In any pricing formula, “cost” is the total amount of expenses incurred during the making of your product. Many of us consider the price of materials and stop there. Cost is made up of much more, and for each product you list online, it’s a good idea to know an average cost of expenses beyond your materials.

COST =

Materials
+ Listing fees (these range from $.20 to a percentage of your sale)
+ Successful sale fees (typically 2-5% of your sale)
+ Product packaging
+ Business Card
+ Shipping envelope or box
+ Shipping materials (bubble wrap, kraft paper, ribbon, etc.)
+ Marketing or advertising fees
+ Paypal or credit card fees (typically around 2-3.5%)
+ A small percentage of office equipment (computer, printer, laminator, phone line, etc.)
+ A small percentage of office supplies (printer ink, printing labels, paper, etc.)
+ A small percentage of studio/office rental or mortgage
+ A small percentage of website domain and hosting fees

In start-up you typically purchase all of these materials as an investment into your new brand and business. As your business gets up and running, it’s important to gradually replace this early investment. Once you’ve paid that off, this added charge per listing should start to build an expense or savings account for your business. Whenever the need for a new computer or more materials pops up, you should have a reserve of cash waiting to cover it … rather than making another investment to your already established business.

LABOR =

The time it took to make your product
+ Photograph it
+ List it
+ Market it.

Add the time it took to do all of this per listing and multiply by your hourly rate of pay. Your pay rate may be lower in the beginning and grow with your reputation, but please be sure to pay yourself a comfortable hourly wage from the start. The fastest route to burn-out is to not pay yourself accordingly for the sales you’re making.

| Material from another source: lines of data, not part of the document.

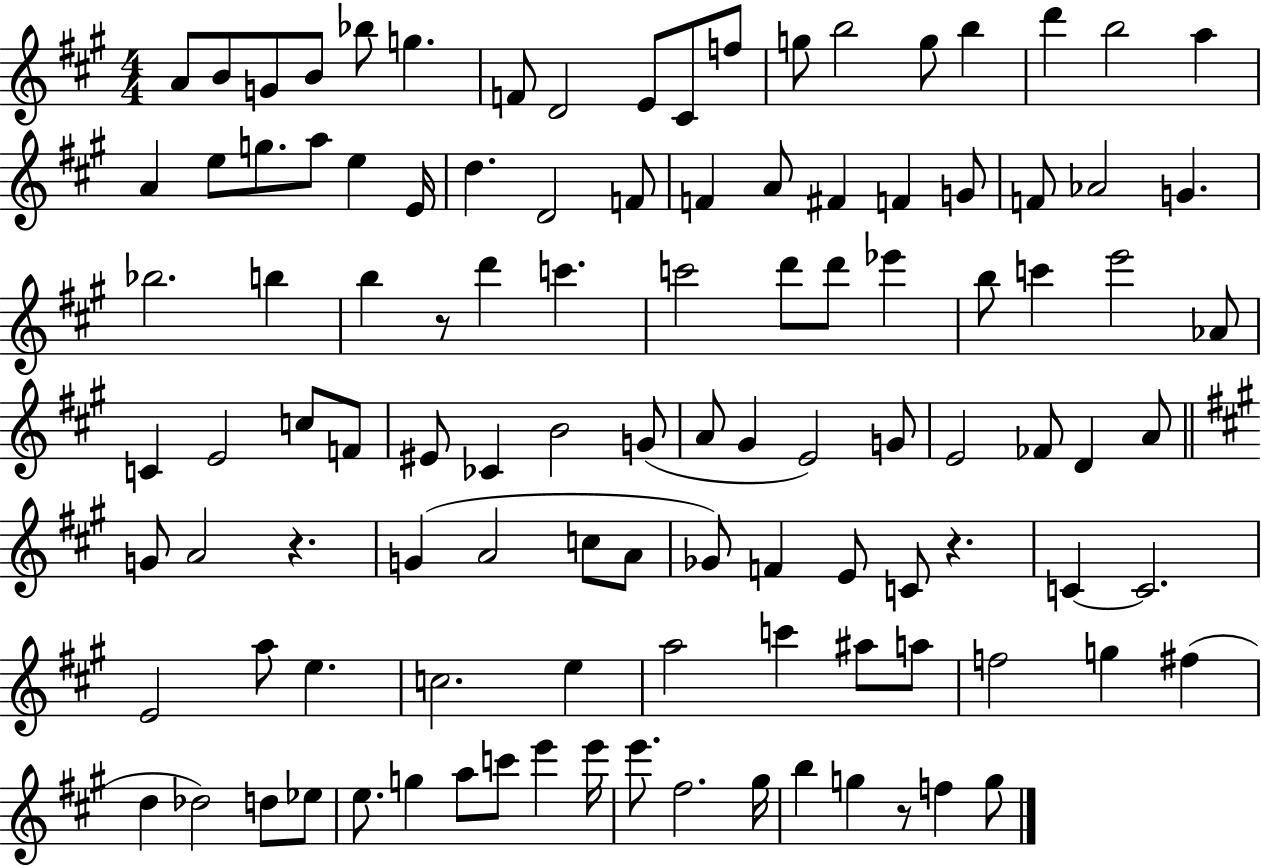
A4/e B4/e G4/e B4/e Bb5/e G5/q. F4/e D4/h E4/e C#4/e F5/e G5/e B5/h G5/e B5/q D6/q B5/h A5/q A4/q E5/e G5/e. A5/e E5/q E4/s D5/q. D4/h F4/e F4/q A4/e F#4/q F4/q G4/e F4/e Ab4/h G4/q. Bb5/h. B5/q B5/q R/e D6/q C6/q. C6/h D6/e D6/e Eb6/q B5/e C6/q E6/h Ab4/e C4/q E4/h C5/e F4/e EIS4/e CES4/q B4/h G4/e A4/e G#4/q E4/h G4/e E4/h FES4/e D4/q A4/e G4/e A4/h R/q. G4/q A4/h C5/e A4/e Gb4/e F4/q E4/e C4/e R/q. C4/q C4/h. E4/h A5/e E5/q. C5/h. E5/q A5/h C6/q A#5/e A5/e F5/h G5/q F#5/q D5/q Db5/h D5/e Eb5/e E5/e. G5/q A5/e C6/e E6/q E6/s E6/e. F#5/h. G#5/s B5/q G5/q R/e F5/q G5/e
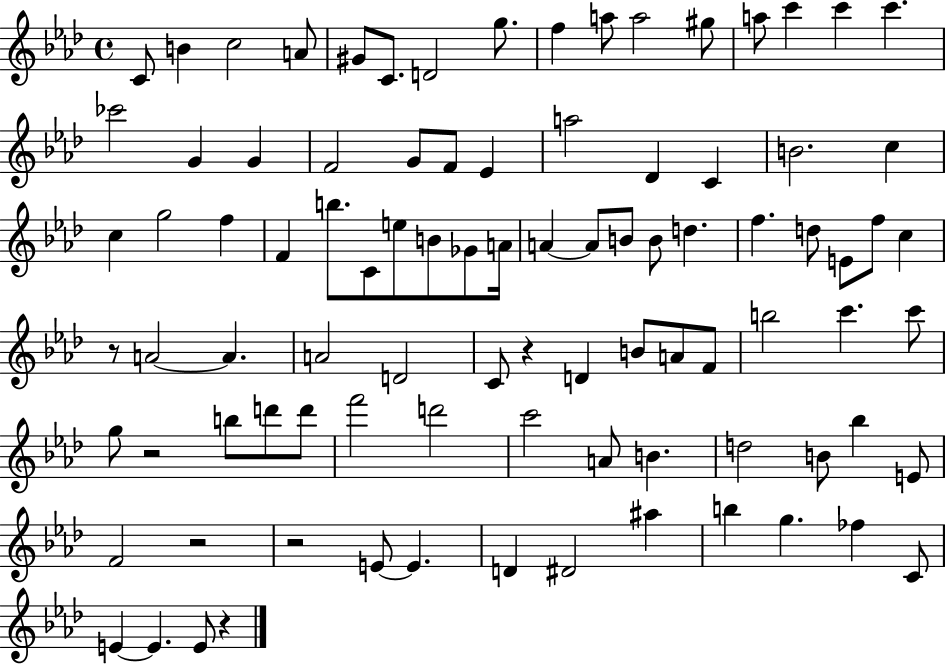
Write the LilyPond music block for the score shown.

{
  \clef treble
  \time 4/4
  \defaultTimeSignature
  \key aes \major
  c'8 b'4 c''2 a'8 | gis'8 c'8. d'2 g''8. | f''4 a''8 a''2 gis''8 | a''8 c'''4 c'''4 c'''4. | \break ces'''2 g'4 g'4 | f'2 g'8 f'8 ees'4 | a''2 des'4 c'4 | b'2. c''4 | \break c''4 g''2 f''4 | f'4 b''8. c'8 e''8 b'8 ges'8 a'16 | a'4~~ a'8 b'8 b'8 d''4. | f''4. d''8 e'8 f''8 c''4 | \break r8 a'2~~ a'4. | a'2 d'2 | c'8 r4 d'4 b'8 a'8 f'8 | b''2 c'''4. c'''8 | \break g''8 r2 b''8 d'''8 d'''8 | f'''2 d'''2 | c'''2 a'8 b'4. | d''2 b'8 bes''4 e'8 | \break f'2 r2 | r2 e'8~~ e'4. | d'4 dis'2 ais''4 | b''4 g''4. fes''4 c'8 | \break e'4~~ e'4. e'8 r4 | \bar "|."
}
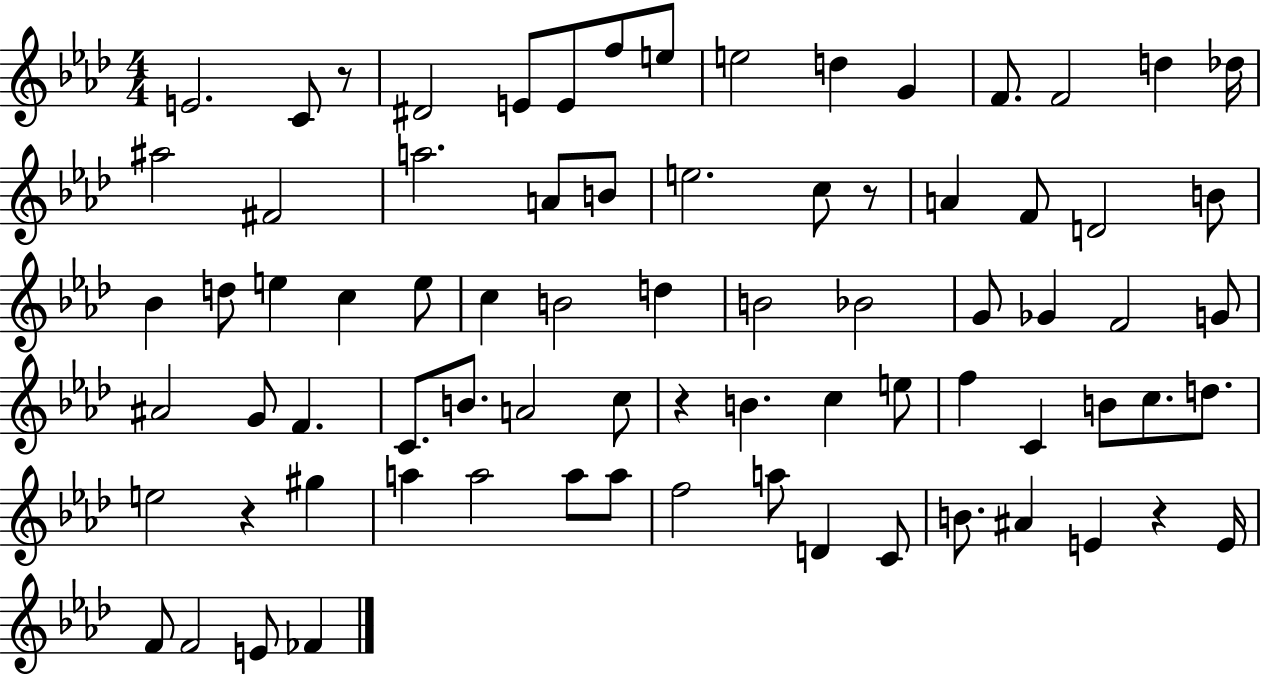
E4/h. C4/e R/e D#4/h E4/e E4/e F5/e E5/e E5/h D5/q G4/q F4/e. F4/h D5/q Db5/s A#5/h F#4/h A5/h. A4/e B4/e E5/h. C5/e R/e A4/q F4/e D4/h B4/e Bb4/q D5/e E5/q C5/q E5/e C5/q B4/h D5/q B4/h Bb4/h G4/e Gb4/q F4/h G4/e A#4/h G4/e F4/q. C4/e. B4/e. A4/h C5/e R/q B4/q. C5/q E5/e F5/q C4/q B4/e C5/e. D5/e. E5/h R/q G#5/q A5/q A5/h A5/e A5/e F5/h A5/e D4/q C4/e B4/e. A#4/q E4/q R/q E4/s F4/e F4/h E4/e FES4/q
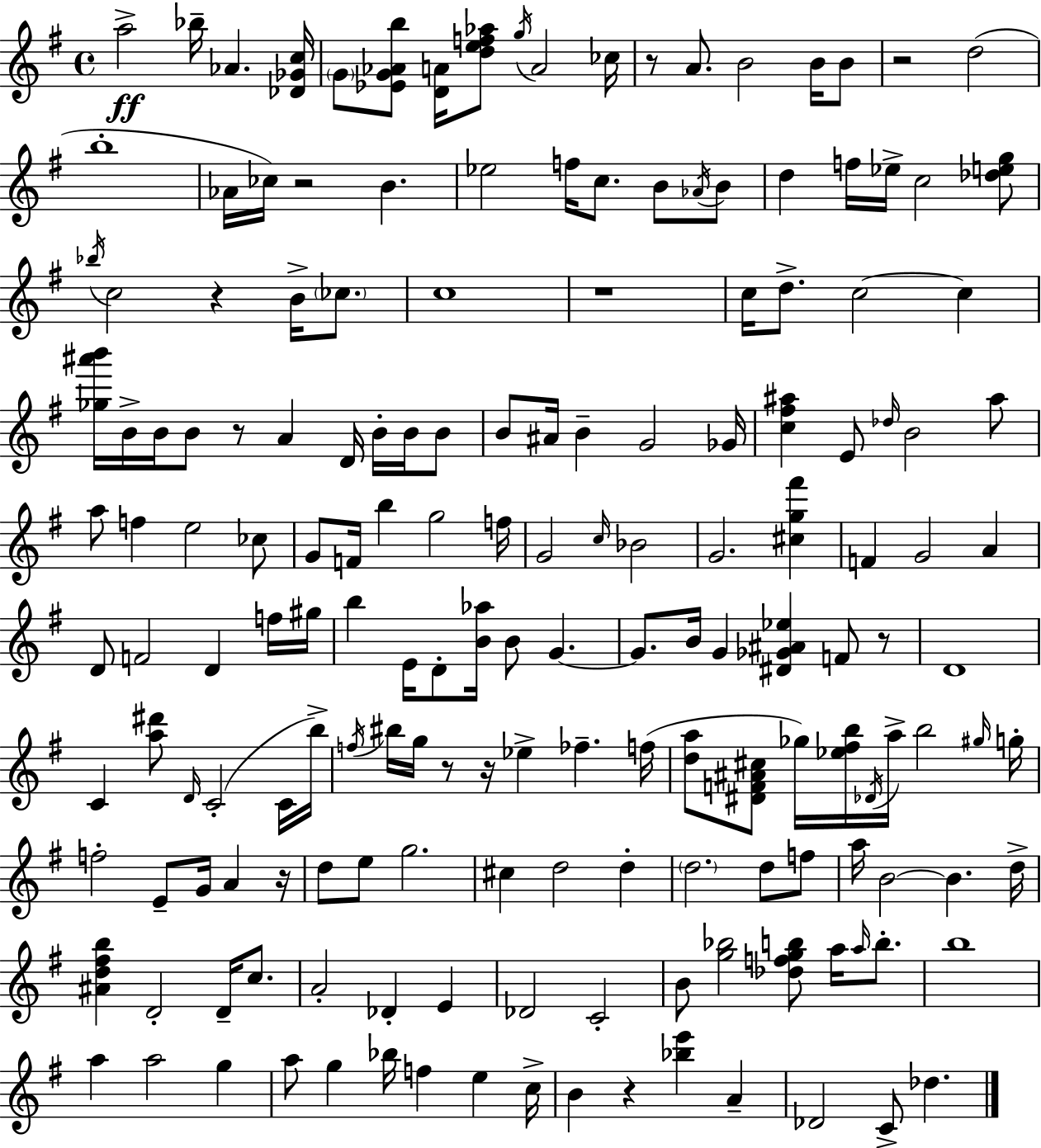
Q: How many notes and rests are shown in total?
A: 173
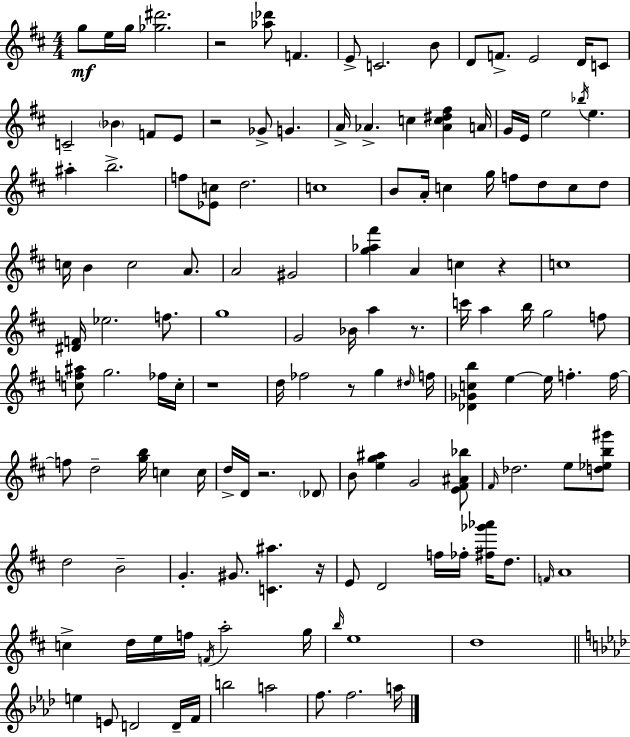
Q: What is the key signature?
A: D major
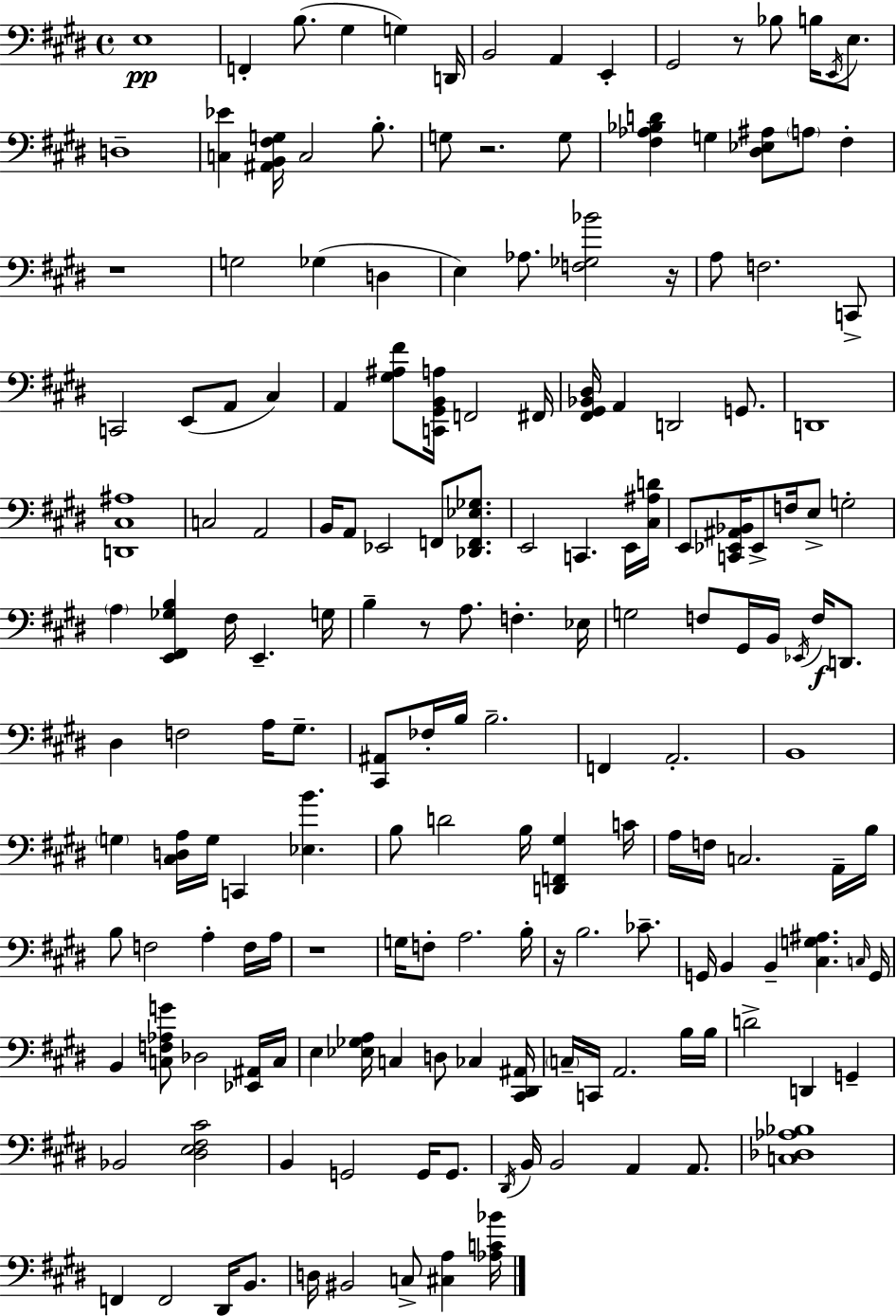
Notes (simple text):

E3/w F2/q B3/e. G#3/q G3/q D2/s B2/h A2/q E2/q G#2/h R/e Bb3/e B3/s E2/s E3/e. D3/w [C3,Eb4]/q [A#2,B2,F#3,G3]/s C3/h B3/e. G3/e R/h. G3/e [F#3,Ab3,Bb3,D4]/q G3/q [D#3,Eb3,A#3]/e A3/e F#3/q R/w G3/h Gb3/q D3/q E3/q Ab3/e. [F3,Gb3,Bb4]/h R/s A3/e F3/h. C2/e C2/h E2/e A2/e C#3/q A2/q [G#3,A#3,F#4]/e [C2,G#2,B2,A3]/s F2/h F#2/s [F#2,G#2,Bb2,D#3]/s A2/q D2/h G2/e. D2/w [D2,C#3,A#3]/w C3/h A2/h B2/s A2/e Eb2/h F2/e [Db2,F2,Eb3,Gb3]/e. E2/h C2/q. E2/s [C#3,A#3,D4]/s E2/e [C2,Eb2,A#2,Bb2]/s Eb2/e F3/s E3/e G3/h A3/q [E2,F#2,Gb3,B3]/q F#3/s E2/q. G3/s B3/q R/e A3/e. F3/q. Eb3/s G3/h F3/e G#2/s B2/s Eb2/s F3/s D2/e. D#3/q F3/h A3/s G#3/e. [C#2,A#2]/e FES3/s B3/s B3/h. F2/q A2/h. B2/w G3/q [C#3,D3,A3]/s G3/s C2/q [Eb3,B4]/q. B3/e D4/h B3/s [D2,F2,G#3]/q C4/s A3/s F3/s C3/h. A2/s B3/s B3/e F3/h A3/q F3/s A3/s R/w G3/s F3/e A3/h. B3/s R/s B3/h. CES4/e. G2/s B2/q B2/q [C#3,G3,A#3]/q. C3/s G2/s B2/q [C3,F3,Ab3,G4]/e Db3/h [Eb2,A#2]/s C3/s E3/q [Eb3,Gb3,A3]/s C3/q D3/e CES3/q [C#2,D#2,A#2]/s C3/s C2/s A2/h. B3/s B3/s D4/h D2/q G2/q Bb2/h [D#3,E3,F#3,C#4]/h B2/q G2/h G2/s G2/e. D#2/s B2/s B2/h A2/q A2/e. [C3,Db3,Ab3,Bb3]/w F2/q F2/h D#2/s B2/e. D3/s BIS2/h C3/e [C#3,A3]/q [Ab3,C4,Bb4]/s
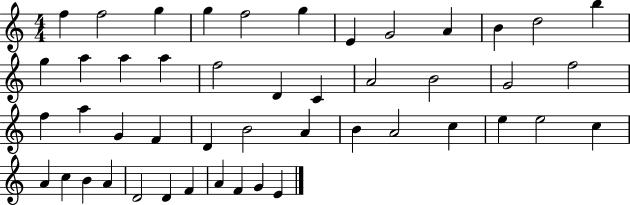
F5/q F5/h G5/q G5/q F5/h G5/q E4/q G4/h A4/q B4/q D5/h B5/q G5/q A5/q A5/q A5/q F5/h D4/q C4/q A4/h B4/h G4/h F5/h F5/q A5/q G4/q F4/q D4/q B4/h A4/q B4/q A4/h C5/q E5/q E5/h C5/q A4/q C5/q B4/q A4/q D4/h D4/q F4/q A4/q F4/q G4/q E4/q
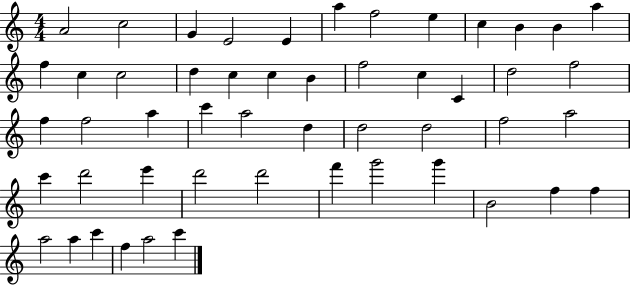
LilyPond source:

{
  \clef treble
  \numericTimeSignature
  \time 4/4
  \key c \major
  a'2 c''2 | g'4 e'2 e'4 | a''4 f''2 e''4 | c''4 b'4 b'4 a''4 | \break f''4 c''4 c''2 | d''4 c''4 c''4 b'4 | f''2 c''4 c'4 | d''2 f''2 | \break f''4 f''2 a''4 | c'''4 a''2 d''4 | d''2 d''2 | f''2 a''2 | \break c'''4 d'''2 e'''4 | d'''2 d'''2 | f'''4 g'''2 g'''4 | b'2 f''4 f''4 | \break a''2 a''4 c'''4 | f''4 a''2 c'''4 | \bar "|."
}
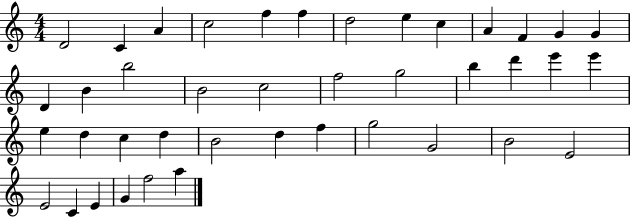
{
  \clef treble
  \numericTimeSignature
  \time 4/4
  \key c \major
  d'2 c'4 a'4 | c''2 f''4 f''4 | d''2 e''4 c''4 | a'4 f'4 g'4 g'4 | \break d'4 b'4 b''2 | b'2 c''2 | f''2 g''2 | b''4 d'''4 e'''4 e'''4 | \break e''4 d''4 c''4 d''4 | b'2 d''4 f''4 | g''2 g'2 | b'2 e'2 | \break e'2 c'4 e'4 | g'4 f''2 a''4 | \bar "|."
}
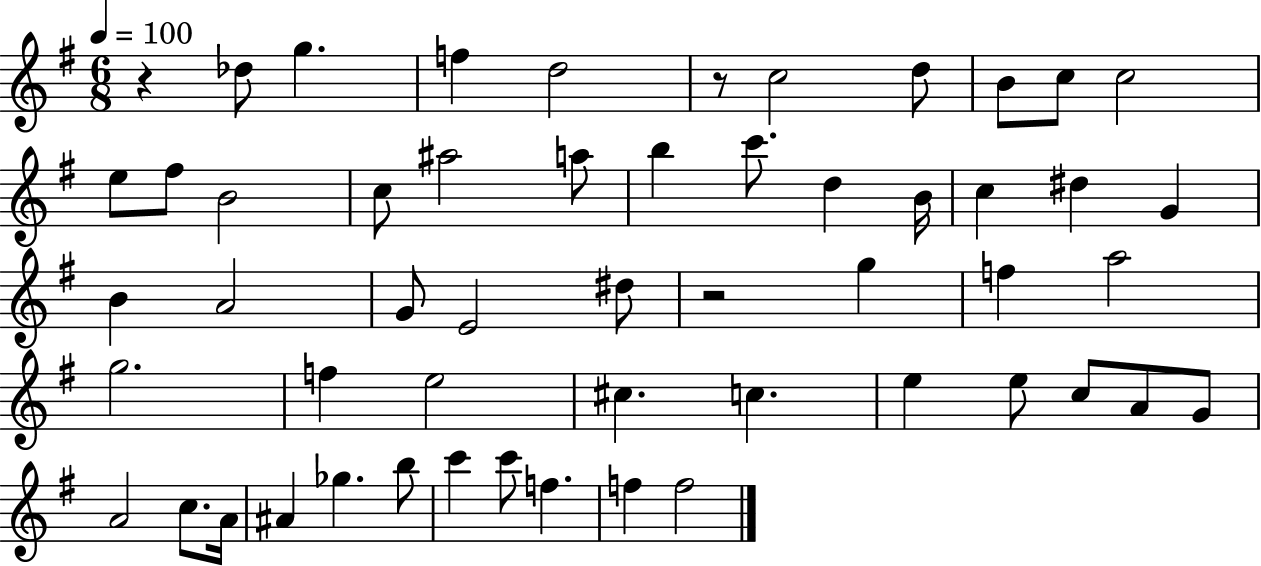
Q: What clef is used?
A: treble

P.S. Keeping the cost of labor low is just one more reason why I’m such a *HUGE* fan of repeating designs and re-listing them in your online storefront. Each time you create a “one of a kind piece” it means you double, if not triple, the production time of listing that item.

Don’t be afraid to charge.

People are willing to pay for quality and creativity. They truly are. Don’t discredit your talent by using poorly shot photos and/or listing your items at cheap prices. Take the time to do everything with great care and quality.

On the same note, please don’t underestimate your customer and try to charge sky-high prices as soon as you open. Perhaps some of your role model businesses are charging an arm and a leg … guess what, they’ve paid their dues!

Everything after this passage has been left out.